Write each line below back out exactly, omitting its pictures.

Top of DATA SHOWN

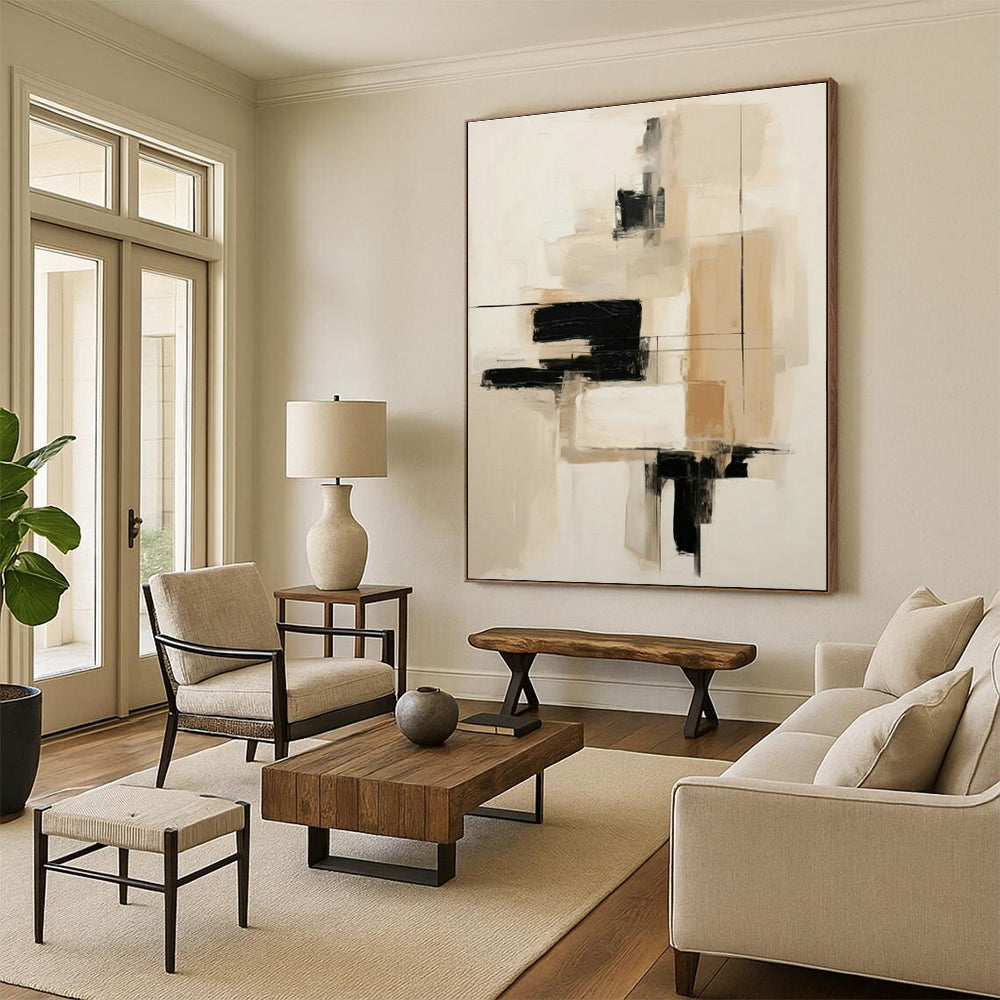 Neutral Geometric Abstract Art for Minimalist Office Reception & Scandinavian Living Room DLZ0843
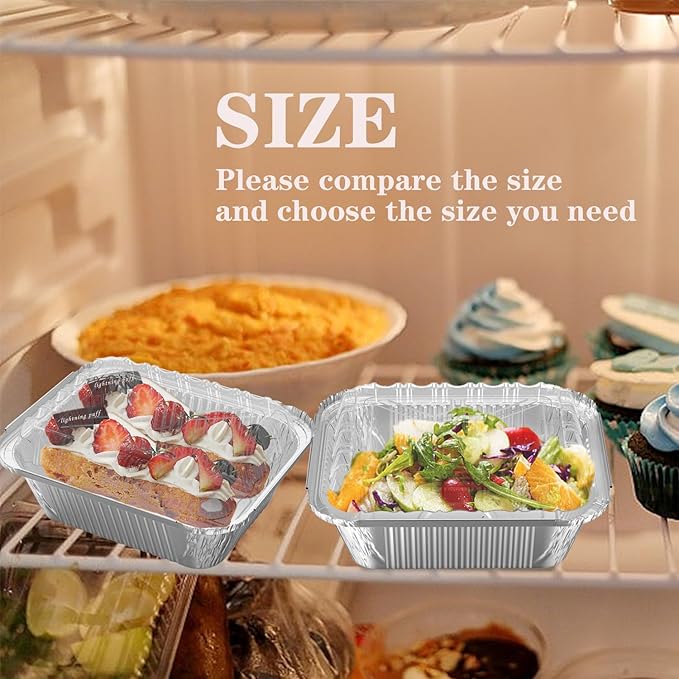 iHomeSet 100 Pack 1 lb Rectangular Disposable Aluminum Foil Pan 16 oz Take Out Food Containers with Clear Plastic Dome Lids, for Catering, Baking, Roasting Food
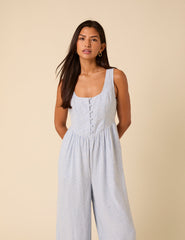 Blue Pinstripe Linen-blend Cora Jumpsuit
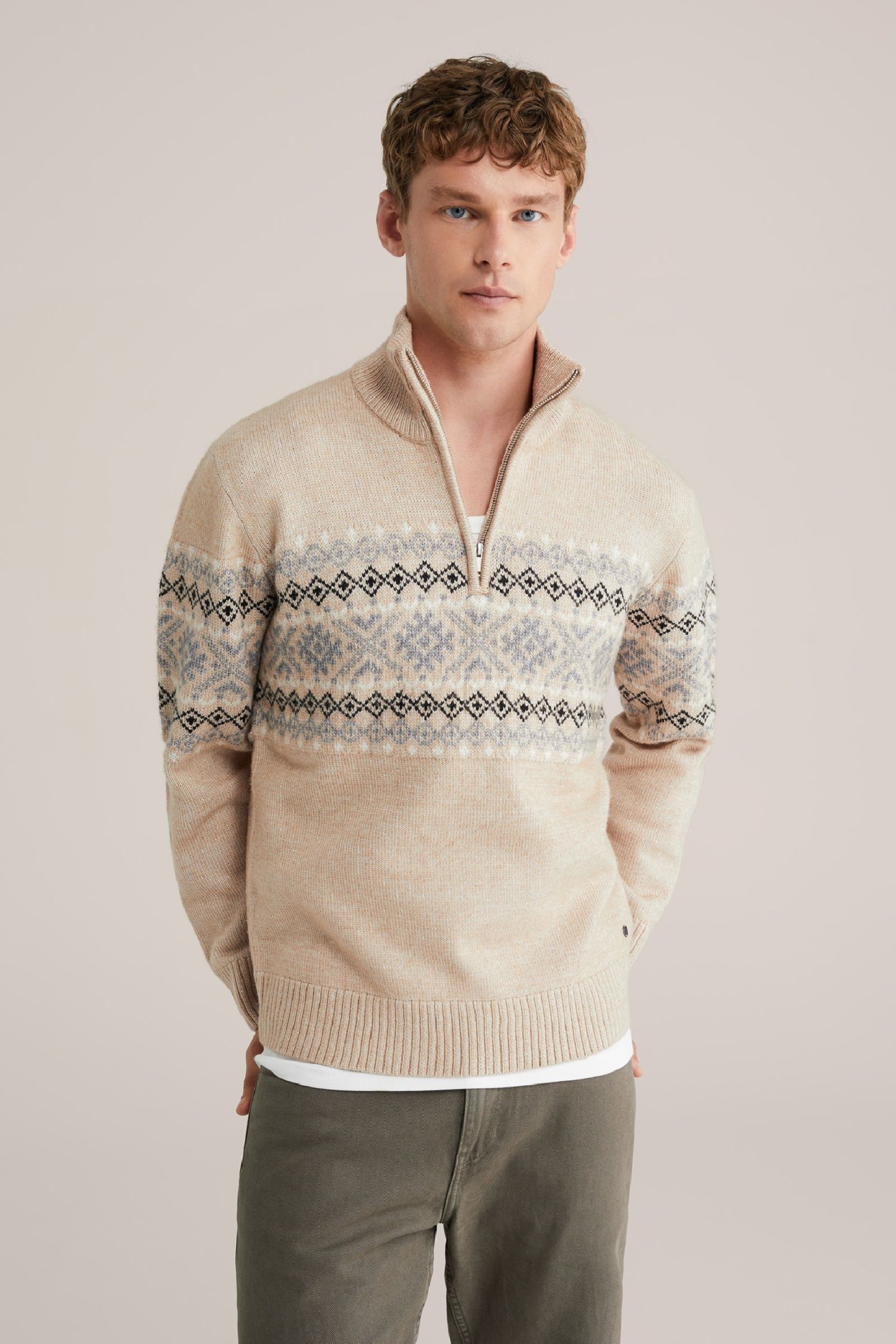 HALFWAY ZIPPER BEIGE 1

Bottom of DATA SHOWN

## [TASK SOLUTION]
 Neutral Geometric Abstract Art for Minimalist Office Reception & Scandinavian Living Room DLZ0843
 iHomeSet 100 Pack 1 lb Rectangular Disposable Aluminum Foil Pan 16 oz Take Out Food Containers with Clear Plastic Dome Lids, for Catering, Baking, Roasting Food
 Blue Pinstripe Linen-blend Cora Jumpsuit
 HALFWAY ZIPPER BEIGE 1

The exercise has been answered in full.